* [WHAT YOU WILL DO]
Output every record verbatim, and omit each picture.

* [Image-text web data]
<<<<

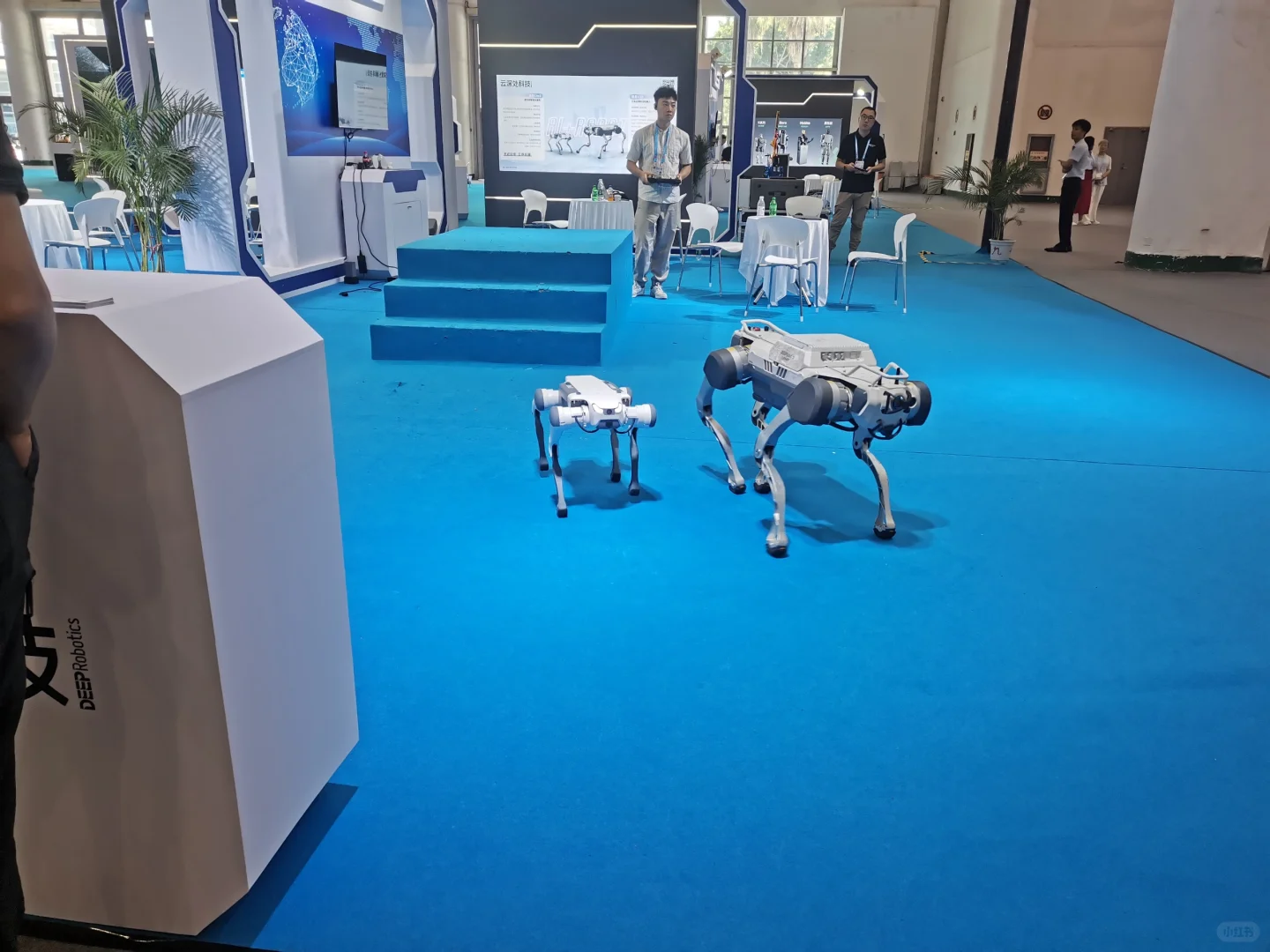 厦门投洽会结束啦！很开心的一次经历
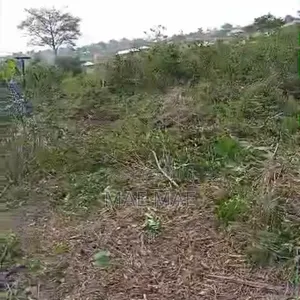 A Plot of Land Available for Sale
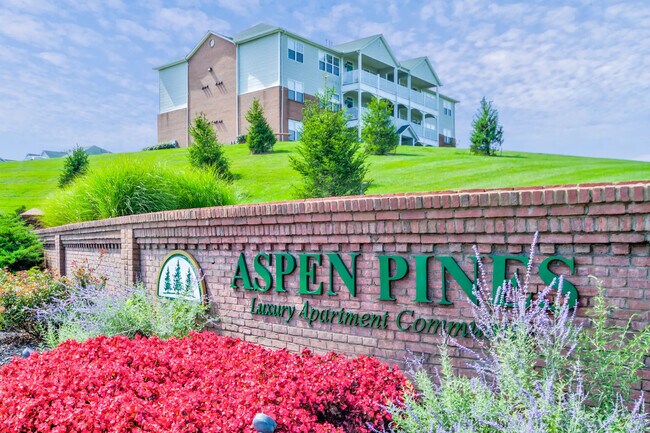 Foto del edificio - Aspen Pines Apartment Homes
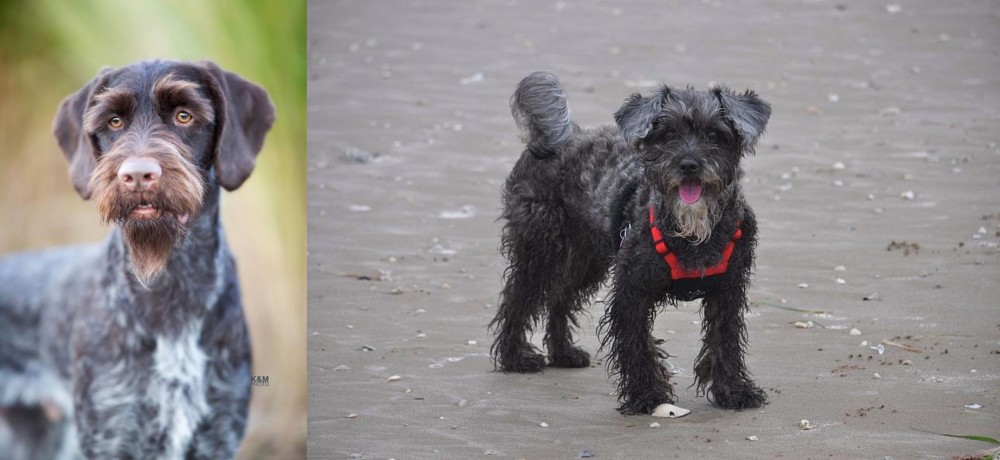 YorkiePoo vs German Wirehaired Pointer - Breed Comparison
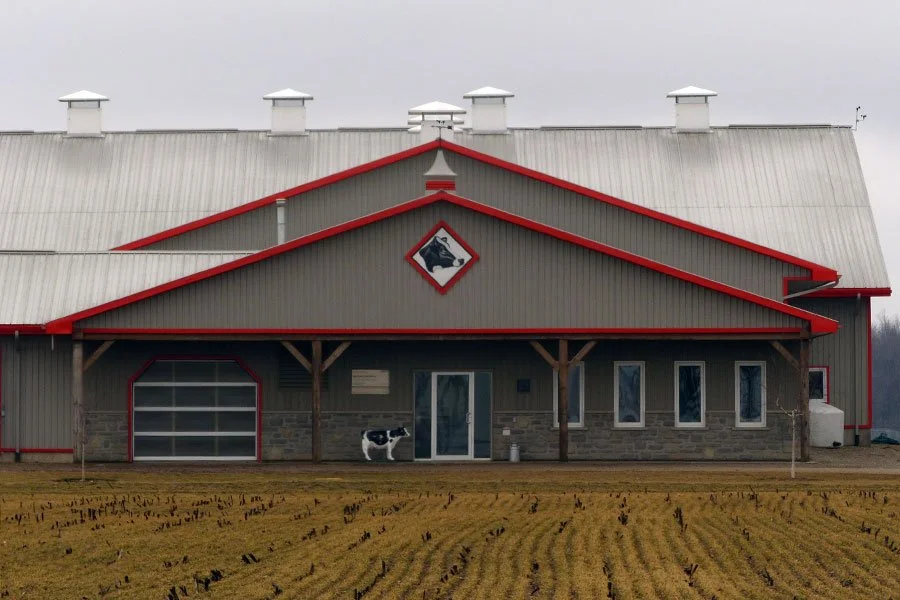 Barn with cow logo, red trim, and cow statue in front, surrounded by a field.
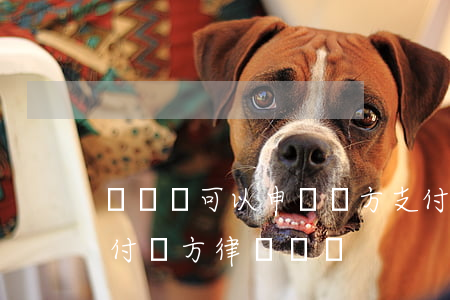 訴訟時可以申請對方支付律師費嗎(被起訴要付對方律師費嗎)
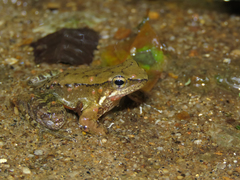 Crossodactylus gaudichaudii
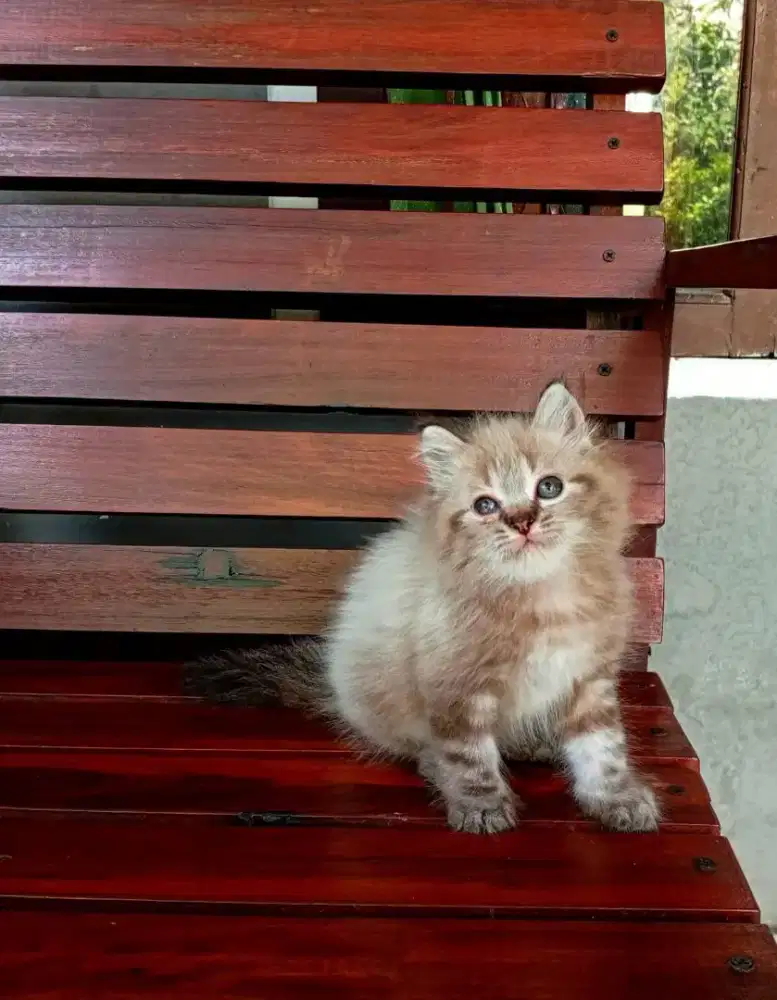 Kucing coklat betina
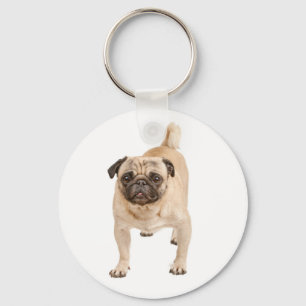 Chaveiro Pulseira de Cachorro Pug Fofinho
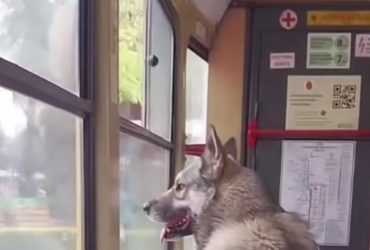 Хвостатий безквитковий: в одеському трамваї катається незвичайний пасажир (відео)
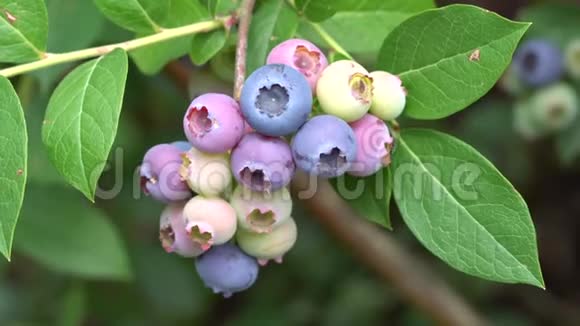 蓝莓菌苗视频的预览图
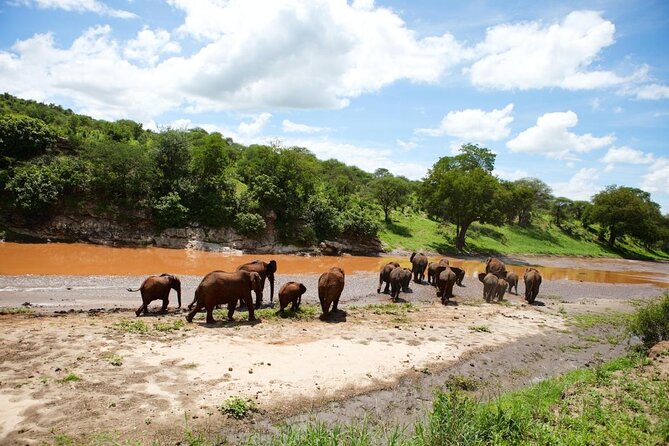5 Days Best of Tanzania Luxury Safari Northern Circuit - Five details that shape this safari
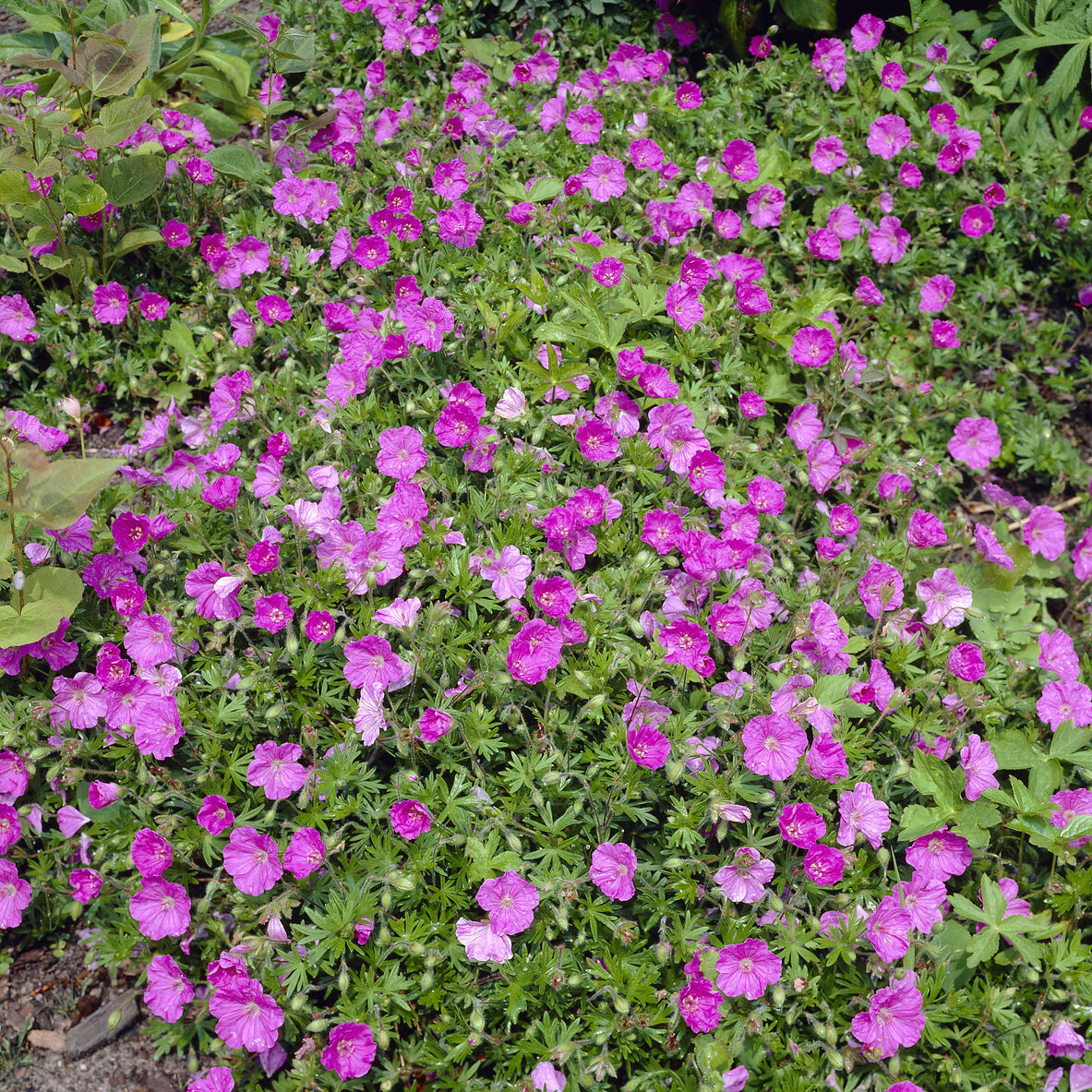 Bakker Géranium sanguin Ankum's Pride vivace pot Ø9cm rose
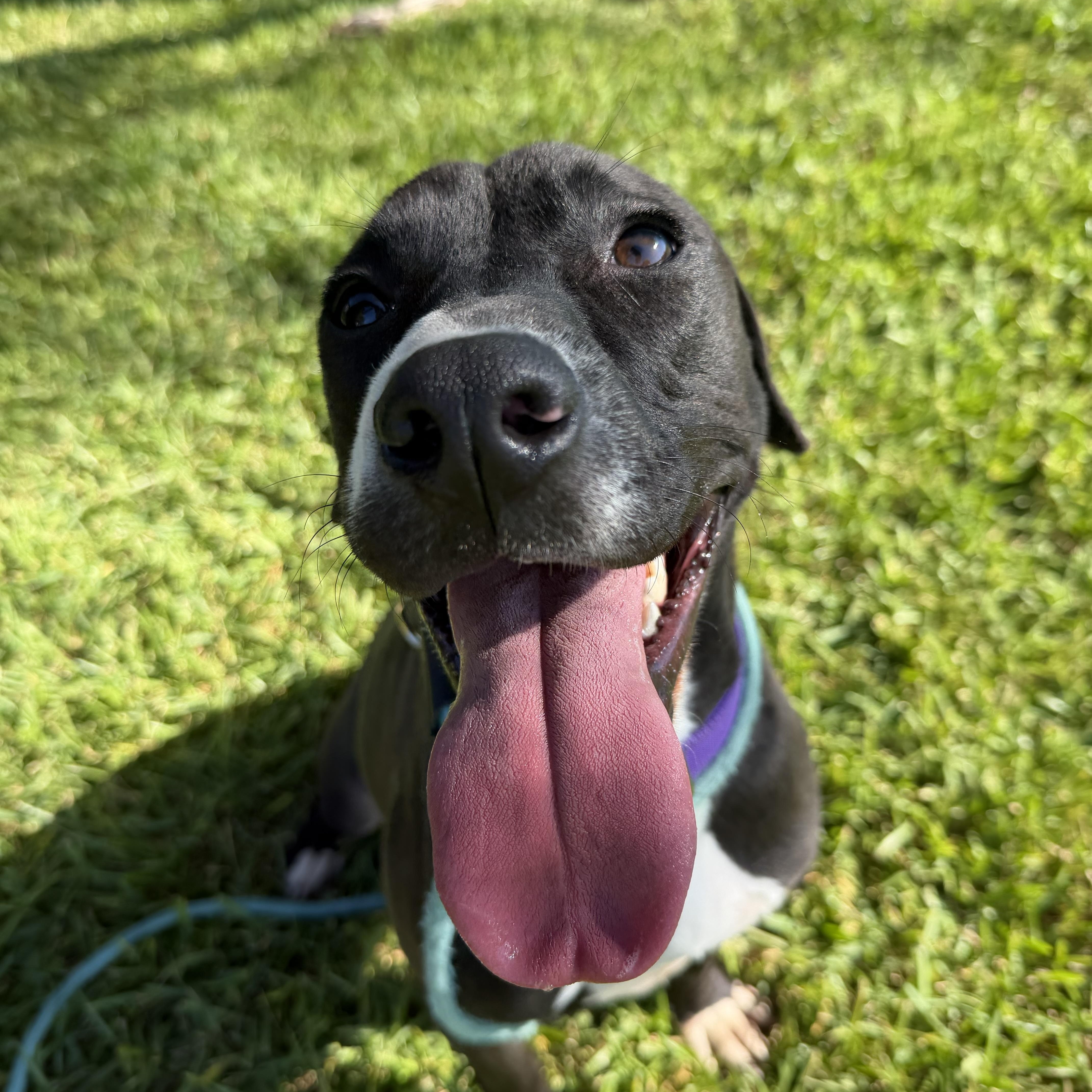 Enlarge Jesse, a Adoptable mixed breed in Brentwood, NH image 1/5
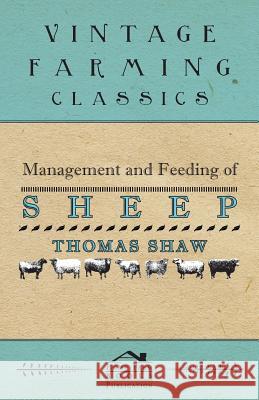 Management and Feeding of Sheep Thomas Shaw 9781447466697 Beston Press - książka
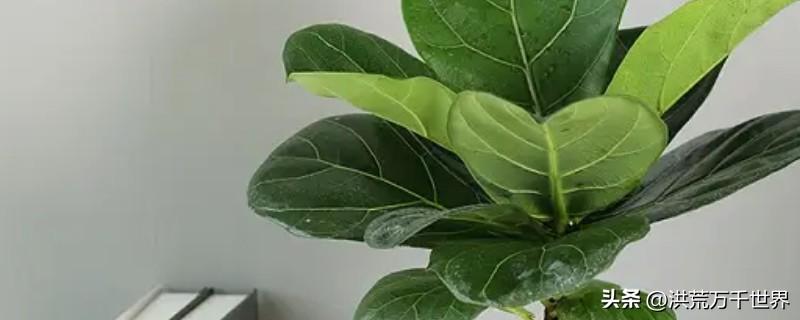 大叶绿植有哪些(大叶绿植品种有哪些)插图
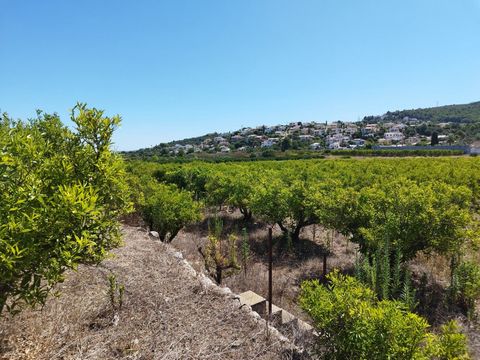 Grundstück von zirca 12000 m² Orangenbäumen in der Nähe von Orba Dieses Grundstück ist als geschütztes landwirtschaftliches Land klassifiziert weshalb 001 m2 darauf gebaut werden können Es ist ein sehr flaches Grundstück so dass es sehr einfach wäre ...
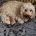 Cavapoo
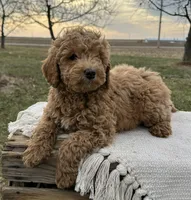 Emzara, a female Miniature Goldendoodle for sale in Sullivan, IL – Photo 3 of 5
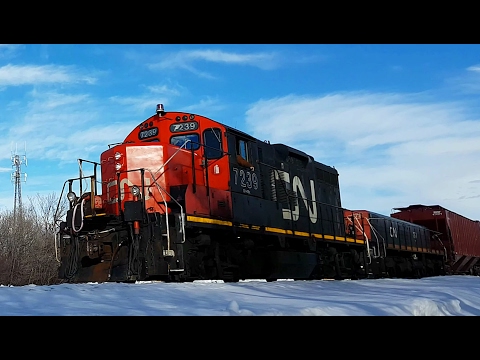 [4K] Old Fashioned Local CN and CEMR Action, and Long CN 532 w/ All EMD Power (02/17/2017)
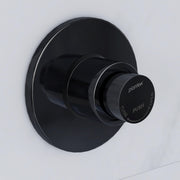 Plantex Pure Brass 40mm Thread Diameter Metropole Flush Valve for Toilet/Toilet Flush/Flush Valve for Urinal Commercial and Residential Use -(ALD-1302-Black)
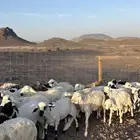 طليان سواكن شبيه الحري دمازين مرابى جادعان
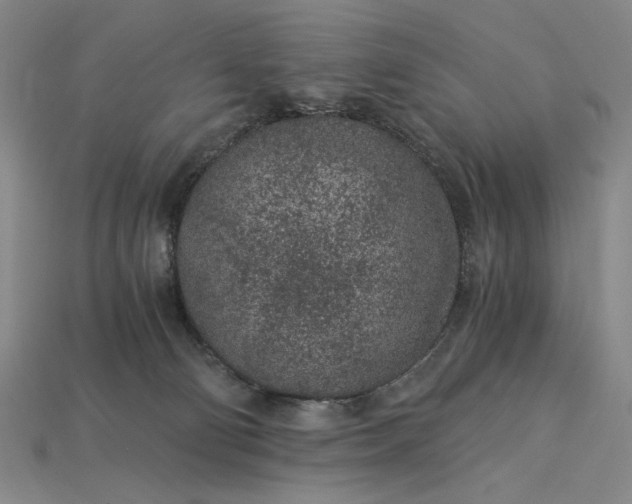 X0000115260130200911131754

>>>>

* [EXPECTED OUTPUT]
 厦门投洽会结束啦！很开心的一次经历
 A Plot of Land Available for Sale
 Foto del edificio - Aspen Pines Apartment Homes
 YorkiePoo vs German Wirehaired Pointer - Breed Comparison
 Barn with cow logo, red trim, and cow statue in front, surrounded by a field.
 訴訟時可以申請對方支付律師費嗎(被起訴要付對方律師費嗎)
 Crossodactylus gaudichaudii
 Kucing coklat betina
 Chaveiro Pulseira de Cachorro Pug Fofinho
 Хвостатий безквитковий: в одеському трамваї катається незвичайний пасажир (відео)
 蓝莓菌苗视频的预览图
5 Days Best of Tanzania Luxury Safari Northern Circuit - Five details that shape this safari
 Bakker Géranium sanguin Ankum's Pride vivace pot Ø9cm rose
 Enlarge Jesse, a Adoptable mixed breed in Brentwood, NH image 1/5
 Management and Feeding of Sheep Thomas Shaw 9781447466697 Beston Press - książka
 大叶绿植有哪些(大叶绿植品种有哪些)插图
 Grundstück von zirca 12000 m² Orangenbäumen in der Nähe von Orba Dieses Grundstück ist als geschütztes landwirtschaftliches Land klassifiziert weshalb 001 m2 darauf gebaut werden können Es ist ein sehr flaches Grundstück so dass es sehr einfach wäre ...
 Cavapoo
 Emzara, a female Miniature Goldendoodle for sale in Sullivan, IL – Photo 3 of 5
 [4K] Old Fashioned Local CN and CEMR Action, and Long CN 532 w/ All EMD Power (02/17/2017)
 Plantex Pure Brass 40mm Thread Diameter Metropole Flush Valve for Toilet/Toilet Flush/Flush Valve for Urinal Commercial and Residential Use -(ALD-1302-Black)
 طليان سواكن شبيه الحري دمازين مرابى جادعان
 X0000115260130200911131754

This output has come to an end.